WHAT THE EXERCISE ASKS: The response consists of the lines from the start of the material below through the line holding "Spanx‎ Dark Wash", repeated word for word and without pictures.

PROVIDED DATA:

==============================

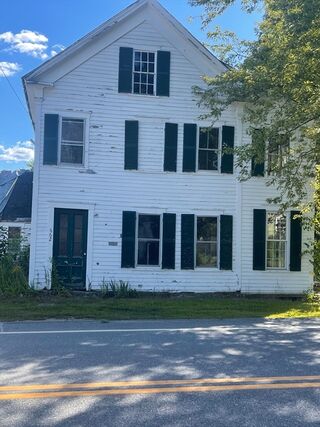 Photo of 662 Main St Ashby, MA 01431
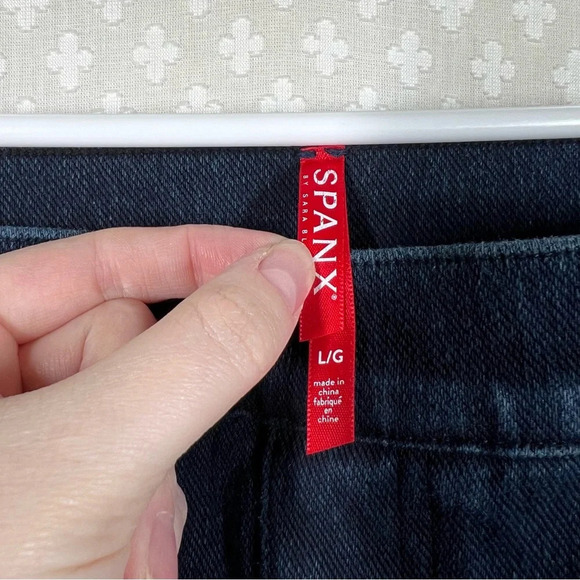 Spanx‎ Dark Wash High Rise Skinny Minimalist Jeans - Picture 3 of 4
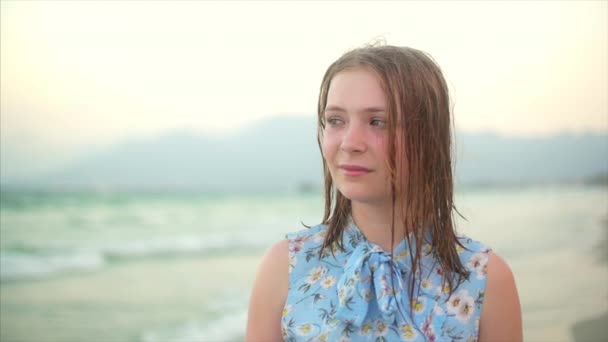 Portret van Europese mooie schattige blonde jonge vrouw of meisje close-up met droevige uitdrukking kijken camera, lopende hand door haar waait in de wind op tropisch strand, slow-motion — Stockvideo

==============================

RESULT OF THIS TASK:
 Photo of 662 Main St Ashby, MA 01431
 Spanx‎ Dark Wash High Rise Skinny Minimalist Jeans - Picture 3 of 4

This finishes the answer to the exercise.